RWANDA - Le Tribunal pénal international pour le Rwanda (TPIR), créé par l'Onu pour rechercher et juger les principaux responsables du génocide de 1994 au Rwanda, a commencé à passer le relais à des juridictions nationales, avant la fin prévue de ses activités dans 5 ans.
Ce "désengagement" a débuté mercredi avec le transfert à la justice rwandaise de 15 dossiers d'instruction de responsables présumés des massacres, actuellement en fuite.
Le temps presse.
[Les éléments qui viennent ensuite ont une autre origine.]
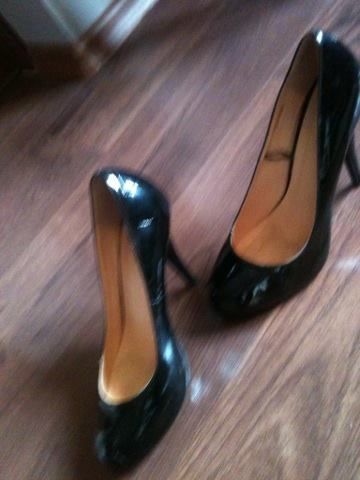 szpilki czarrne lakierki 39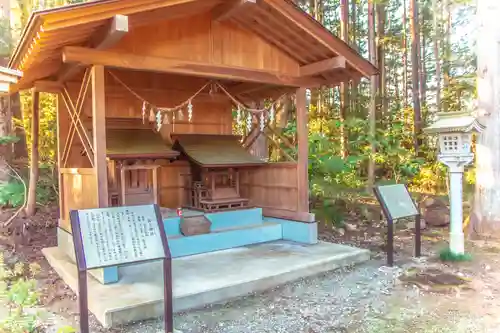 涼ケ岡八幡神社の末社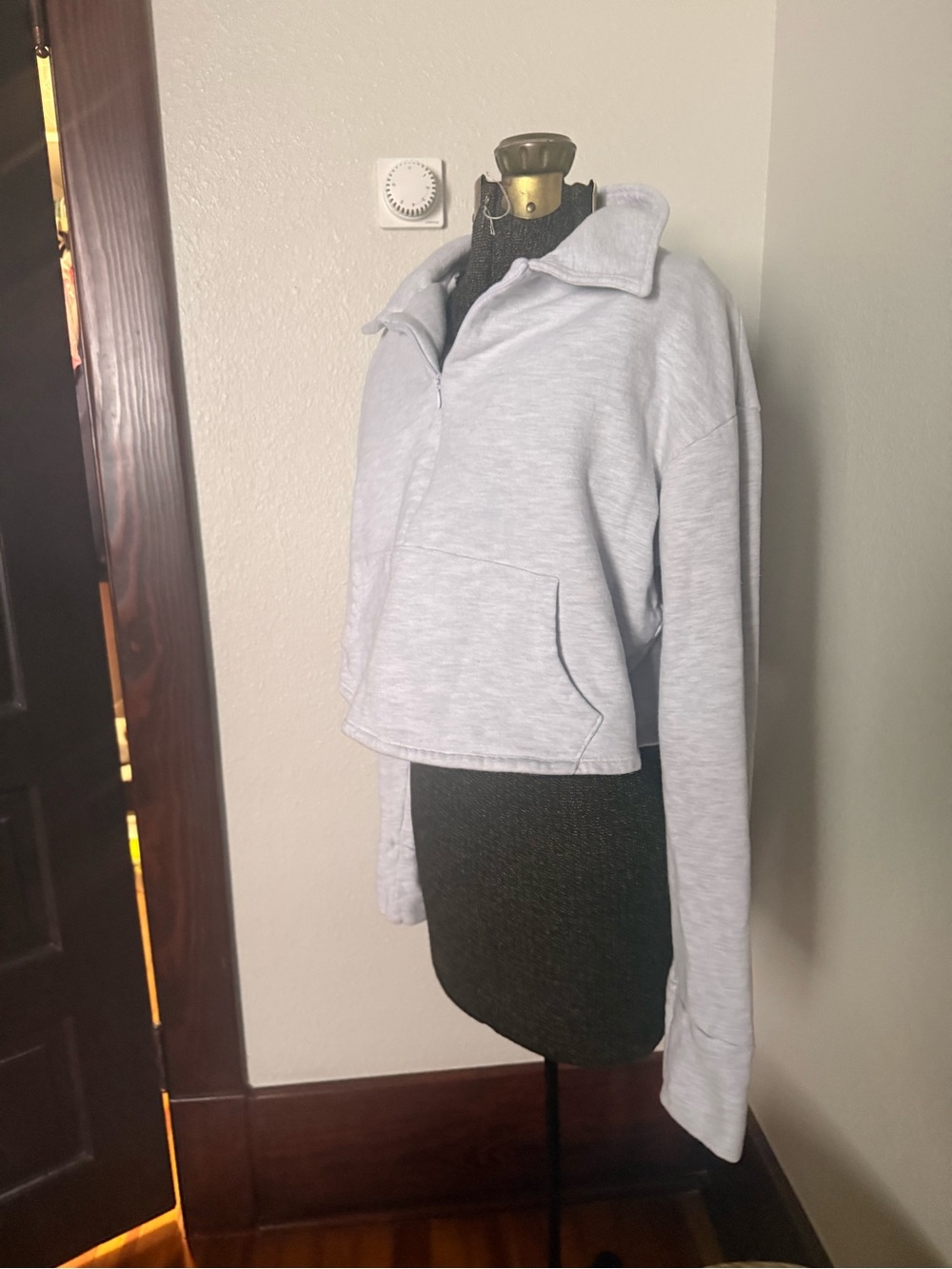 Joah Brown Cropped lightweight sweater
Le Conseil de sécurité de l'Onu a en effet demandé au TPIR, souvent critiqué pour son extrême lenteur, de terminer en 2008 les procès en première instance et en 2010 les procès en appel.
Pour respecter cet échéancier, le tribunal a décidé dans le cadre de sa "stratégie d'achèvement" de se dessaisir de certains dossiers au profit "des juridictions nationales compétentes", dont celles du Rwanda.
"C'est une étape importante en ce qui concerne la mise en application de la stratégie d'achèvement du côté du procureur", a commenté jeudi le porte-parole du TPIR, Roland Amoussouga.
Selon cette stratégie, le procureur envisage de transmettre un total de 41 cas -les 15 dossiers y étant inclus- devant des juridictions nationales du Rwanda et celles d'autres pays qu'il refuse encore de nommer.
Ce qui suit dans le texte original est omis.